# Macau Grand Prix 2006 - Teil 2 - Formel 3



## Dennis Wronka (20. November 2006)

Hier nun der 2. Teil der Bilder aus Macau (diese insgesamt 10 Bilder sind natuerlich nicht alles, insgesamt hab ich 280 Bilder behalten, von gut 350 geschossenen), diesmal vom Formel 3 Rennen.
Den ersten Teil mit den Bildern vom Tourenwagenrennen und ein paar weiteren Infos, z.B. zur Kamera (Samsung NV10), gibt es im Thread Macau Grand Prix 2006 - Teil 1 - World Touring Car Championship.
Da ich dort bereits den groessten Teil der Infos abgeladen hab werde ich mich hier auf die Details zu den Bildern beschraenken.
Auch hier habe ich natuerlich, um die Autos in der bestmoeglichen Qualitaet zeigen zu koennen, die "uninteressanten" Bereiche abgeschnitten.

f3_01.jpg:
Exposure Time: 0.002 (1/640)
35mm Equivalent: 19mm
Aperture: f/2.8

f3_02.jpg:
Exposure Time: 0.002 (1/640)
35mm Equivalent: 19mm
Aperture: f/2.8

f3_03.jpg:
Exposure Time: 0.002 (1/640)
35mm Equivalent: 19mm
Aperture: f/2.8

f3_04.jpg:
Exposure Time: 0.002 (1/640)
35mm Equivalent: 56mm
Aperture: f/5.1

f3_05.jpg:
Exposure Time: 0.001 (1/800)
35mm Equivalent: 56mm
Aperture: f/5.1


----------



## tittli (21. November 2006)

hmm...das Problem bei allen gezeigten Fotos ist die Schärfe. Du fokusierst immer auf den Zaun, so dass die Autos (also das Wesentliche) nie richtig scharf werden...aber wie du sagtest, der Zaun lässt sich halt nicht wegzaubern und durch solche Zäune ist es immer schwierig.

gruss


----------



## Dennis Wronka (22. November 2006)

Spescha hat gesagt.:


> hmm...das Problem bei allen gezeigten Fotos ist die Schärfe. Du fokusierst immer auf den Zaun, so dass die Autos (also das Wesentliche) nie richtig scharf werden...aber wie du sagtest, der Zaun lässt sich halt nicht wegzaubern und durch solche Zäune ist es immer schwierig.
> 
> gruss



Mein Problem dabei ist auch noch, dass ich eigentlich eher der Gelegenheitknipser bin, und viele der Einstellungen die die Kamera mir bietet sind fuer mich noch ein wenig krass. Da gibt es sicher irgendwas womit ich den Fokus vom Zaun auf die Autos haette lenken koennen, aber dafuer muesste ich mich dann mal naeher mit der Anleitung auseinander setzen, und mehr Moeglichkeiten zum Testen haben, denn nur einmal im Jahr GP ist doch etwas wenig (nicht nur zum Knipsen, in Deutschland sind wir eigentlich zumindest 3 oder 4 Mal im Jahr zum Nuerburgring gefahren).
Naechstes Jahr werd ich einfach mal die Kameraleute von ihrem Turm schubsen, dann kann ich Fotos ohne Zaun machen.


----------



## Master_Vyggän (23. November 2006)

Ich finde die Bilder sind nicht so übertrieben scharf. Irgendwie ist der Zaun scharf aber die Autos nicht.

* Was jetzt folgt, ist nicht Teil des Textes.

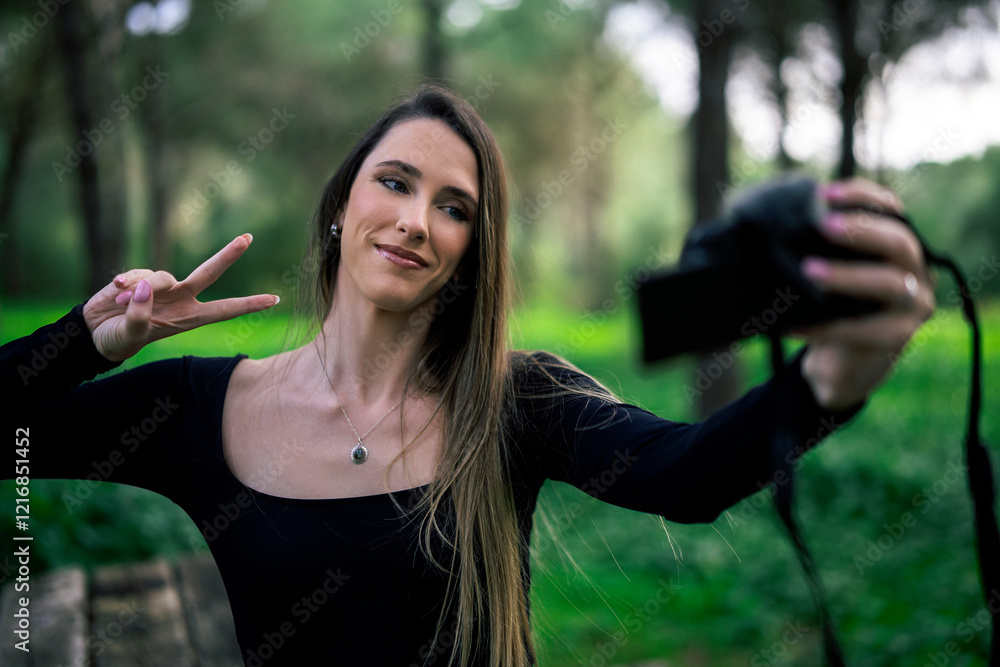 Chica joven delgada vloggeando con cámara por zona verde con arboles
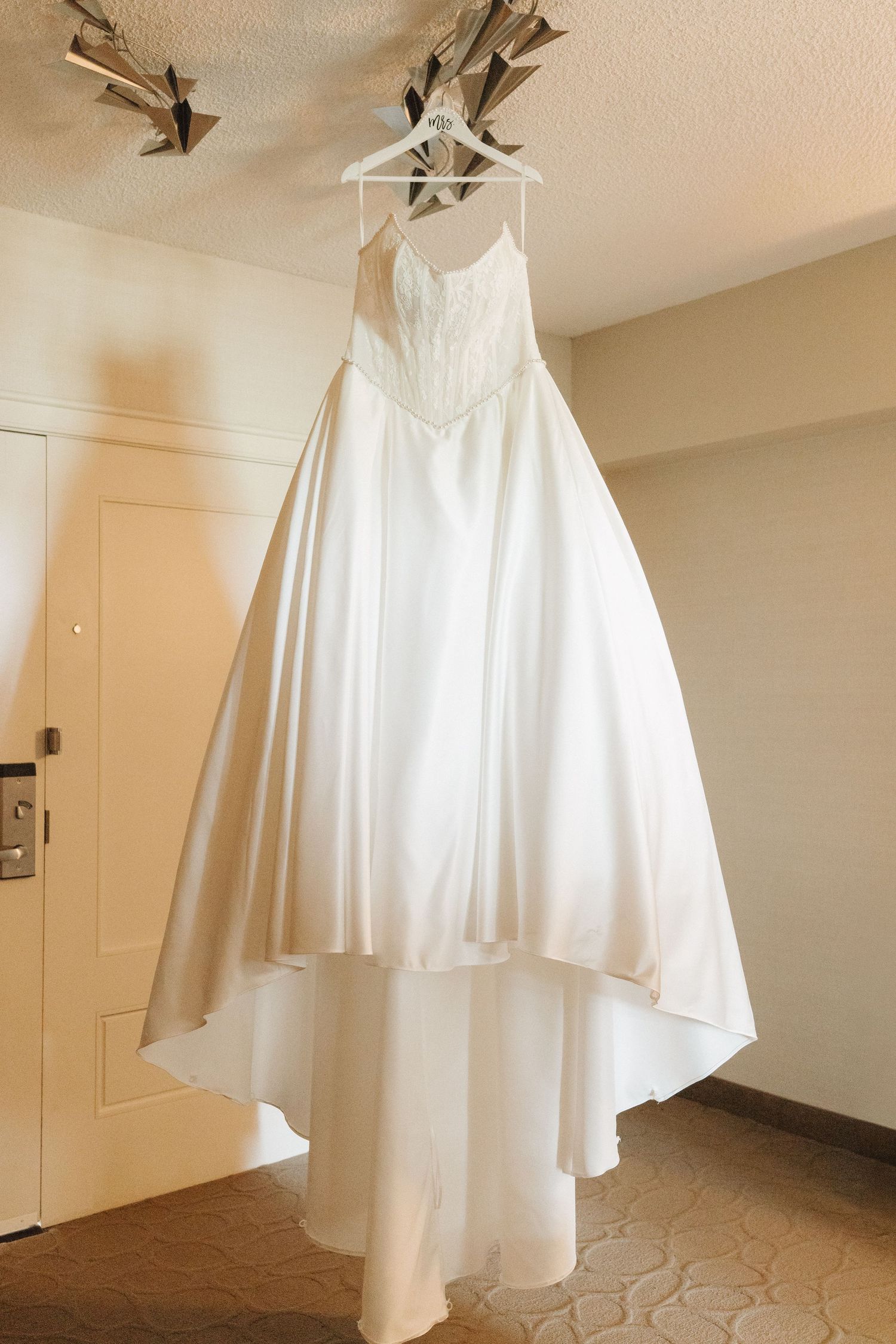 White satin A-line wedding dress with lace bodice hanging on hanger in hotel room before bridal ceremony.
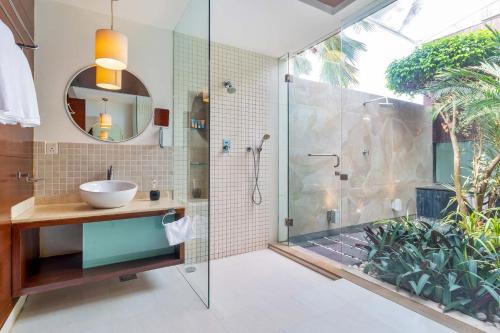 a bathroom with a glass shower and a sink at Stars By The Bay & BBQ Grill by StayVista in Dabolim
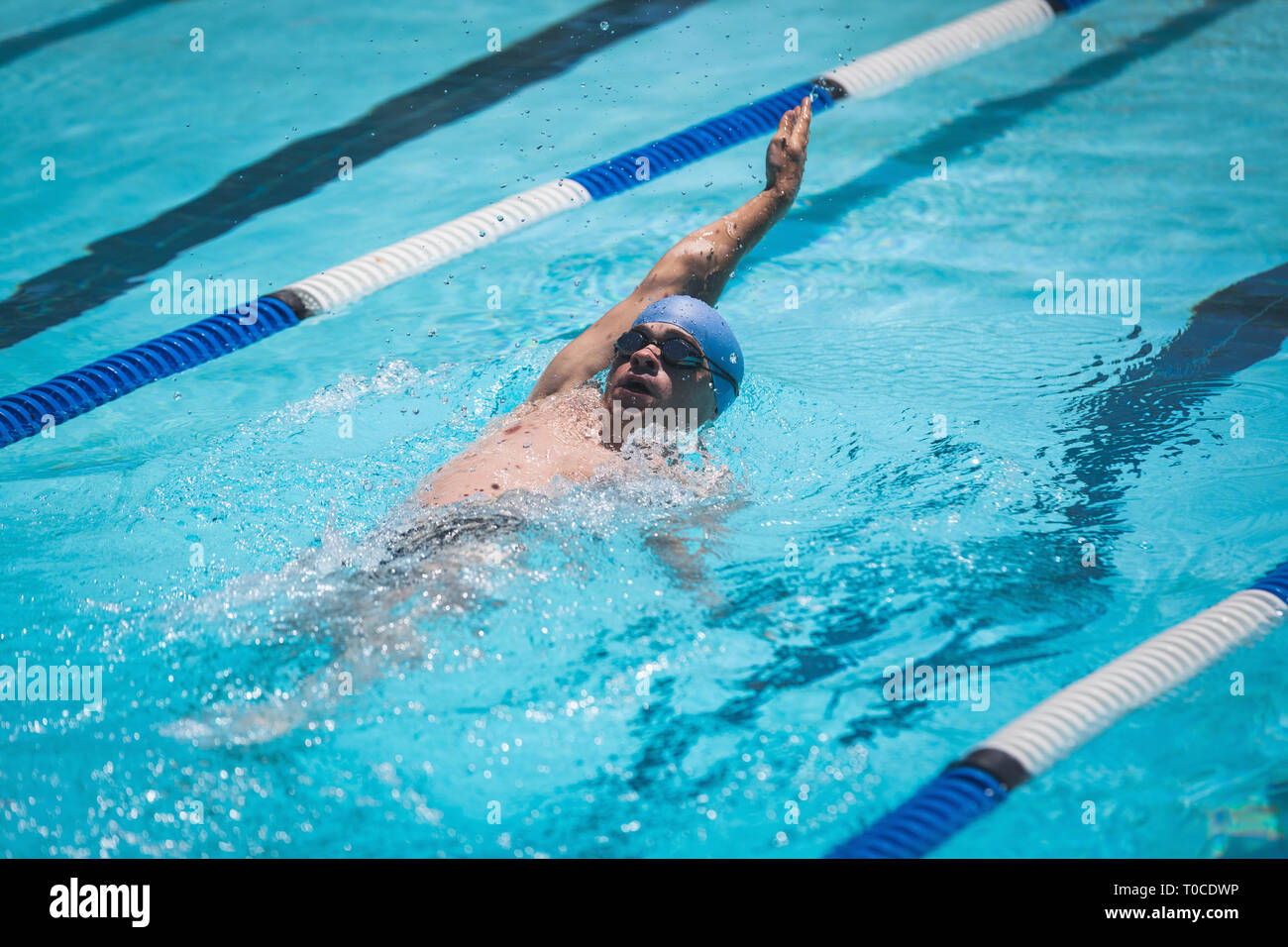 Young Caucasian male swimmer swimming backstroke in swimming pool Stock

Weil da gerade so viele Bilder von Rennautos drin sind, dachte ich mir, ich stell auch mal eins rein. Ich war beim Finale der DTM am Hockenheimring und ein Kumpel der noch mit war hat dieses Bild gemacht. Wir saßen am Eingang des Motodroms. 
Kurz noch ein paar Daten zum Bild:

Kamera: Fujifilm FinePix S5600
Blende: F/3,5
Belichtungszeit: 1/1000sec

Es ist leider so vergrießelt, weil das Wetter ein Bisschen bescheiden war und ich die Auflösung ändern musste, weil es anders hier nicht reinpasst.


----------



## tittli (24. November 2006)

@dennis
Mit dem Autofokus wirst du nur sehr schwer vom Zaun weg und genau auf die Autos fokusieren können...dafür müsstest du schon eine gute manuelle Fokusierung haben...

gruss


----------



## Dennis Wronka (25. November 2006)

Ich glaub da gibt es eine Moeglichkeit bei der Kamera, muss ich mal die Anleitung was naeher zum Thema Fokus studieren (ich nehm dann besser die englische Version, und nicht die chinesische, sonst wird das nix  ).
Wie gesagt, allgemein ist die Kamera ein echt gutes Ding, mit den vielen Funktionen bin ich ehrlich gesagt auch noch ein wenig ueberfordert da ich ja nicht an der Uni fuer Fotografie war.  Meine vorherige Kamera (eine JenOptik mit sagenhaften 2MPixeln) hatte 3 Grundeinstellungen: Aus, Normal und Makro, und dann noch die "Detaileinstellungen" Blitz (An, Rote Augen, Aus), Aufloesung (1600x1200, 800x600) und Digitaler Zoom (2x, Aus). Das Ding war einfach zu bedienen, hat aber meist schrottige Bilder geliefert.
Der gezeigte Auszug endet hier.